Die genauen Zahlen über den Mittelstand können nicht häufig genug genannt werden, um seine Bedeutung hervorzuheben: so prägen kleine und mittlere Unternehmen 99 Prozent der gesamten Unternehmenslandschaft; damit tragen sie 43 Prozent der zu versteuernden Umsätze und bieten etwa 70 Prozent aller Arbeitsplätze und 80 Prozent der Ausbildungsstellen. Ohne wirtschaftsstarke und investitionsbereite mittelständische Unternehmen lässt sich daher die Arbeitslosigkeit in unserem Land nicht wirksam bekämpfen.
Doch bestimmen diese Unternehmen nicht nur die Situation des inländischen Arbeitsmarktes entscheidend mit, sie sind es auch, die Deutschland im Wettbewerb auf dem internationalen Markt durch die Entwicklung neuer Technologien einen obersten Rang sichern. So bringen rund 200.000 mittelständische Unternehmen in Industrie und Dienstleistung jedes Jahr neue Produkte und Prozesse auf den Markt; Deutschland ist heute zweitgrößter Netto-Technologieexporteur der Welt. Trotz dieser herausragenden Bedeutung des Mittelstandes für Deutschland haben wir ihm in der Vergangenheit nicht immer die Unterstützung zukommen lassen, die in Zeiten der Globalisierung im internationalen Wettbewerb erforderlich ist. Insbesondere die globale Organisation der Technologiemärkte und die dort immer stärker werdende internationale Konkurrenz erfordern weitere Förderung und Unterstützung des Mittelstandes, um im Wettbewerb zukünftig bestehen zu können. Auch das fehlende Wirtschaftswachstum zeigt seine Auswirkungen auf den Mittelstand: Die Zahlen der neugegründeten mittelständischen Unternehmen sind in den letzten Jahren gesunken. Aus diesem Grund haben wir mit der Verabschiedung der Agenda 2010 die Grundlage für eine neue, innovativere Mittelstandspolitik geschaffen, die die Rahmenbedingungen für kleine und mittelständische Unternehmen in Zukunft verbessern wird. Der Schwerpunkt dieser Mittelstandsoffensive liegt beispielsweise darin, zinsgünstige Finanzierungsmöglichkeiten zur Verfügung zu stellen und Existenzgründungen zu fördern.
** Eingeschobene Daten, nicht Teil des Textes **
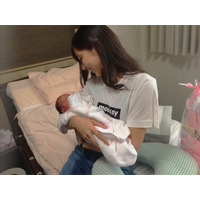 石川恋、赤ちゃんを抱きかかえる姿に反響！ 画像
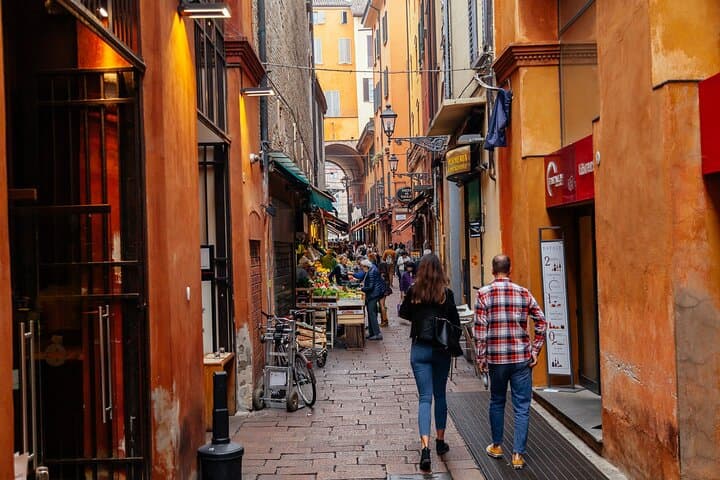 Highlights & Hidden Gems With Locals: Best of Bologna Private Tour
Zwei wichtige Gesichtspunkte der neuen Mittelstandpolitik sollen im Folgenden eine nähere Betrachtung erfahren: die Schaffung der Mittelstandsbank zur finanziellen Förderung der Unternehmen auf der einen und der Bürokratieabbau auf der anderen Seite.
Eine gesicherte Finanzierung ist der Grundstein für eine erfolgreiche Unternehmensführung. Gerade hier lagen - und liegen leider immer noch - große Schwierigkeiten für die mittelständischen Unternehmen. Schließlich spüren auch die Banken in Deutschland die Folgen der Globalisierung; so ziehen sich die großen Privatbanken aus der finanziellen Unterstützung des Mittelstandes zurück, weil sie die Realisierung ihrer Gewinne in erster Linie bei der Kreditvergabe an große Unternehmen sowie bei den Geld-, Devisen- und Wertpapiergeschäften mit diesen gesichert sehen. Sparkassen und Genossenschaftsbanken, die bislang die traditionellen Kreditgeber des Mittelstandes waren, sind durch die europäische Umstrukturierung der Bankenlandschaft und eigener Abschreibungsbedarfe ebenfalls zurückhaltend bei der Auszahlung von Krediten an kleine und mittelständische Unternehmen.
Um die Schwierigkeiten, die sich aus dieser Situation für die Unternehmen ergeben, aufzufangen, hat die Bundesregierung im August 2003 durch die Zusammenlegung der Kreditanstalt für Wiederaufbau (KfW) und der Deutschen Ausgleichsbank (DtA) eine Bank für den Mittelstand geschaffen. Zu den Aufgaben der KfW zählte immer schon die Förderung des Mittelstandes sowie die Projektfinanzierung wohingegen die DtA vor allen Dingen Unternehmensgründungen gefördert hat. Bis zu ihrer Zusammenlegung war sowohl die KfW als auch die DtA für die Ausführung der Förderprogramme des Bundes für den Mittelstand zuständig. Wir haben mit der Zusammenlegung einen Weg gefunden, damit der Mittelstand und die Unternehmensgründer aus einer Hand eine transparente und effiziente Förderung erhalten. Darüber hinaus haben wird nicht nur die bislang erfolgreichen Förderprogramme in der KfW-Mittelstandsbank gebündelt, sondern das Angebot mittelständischer Förderungen insgesamt weiterentwickelt und den gegenwärtigen Bedürfnissen der Unternehmen angepasst.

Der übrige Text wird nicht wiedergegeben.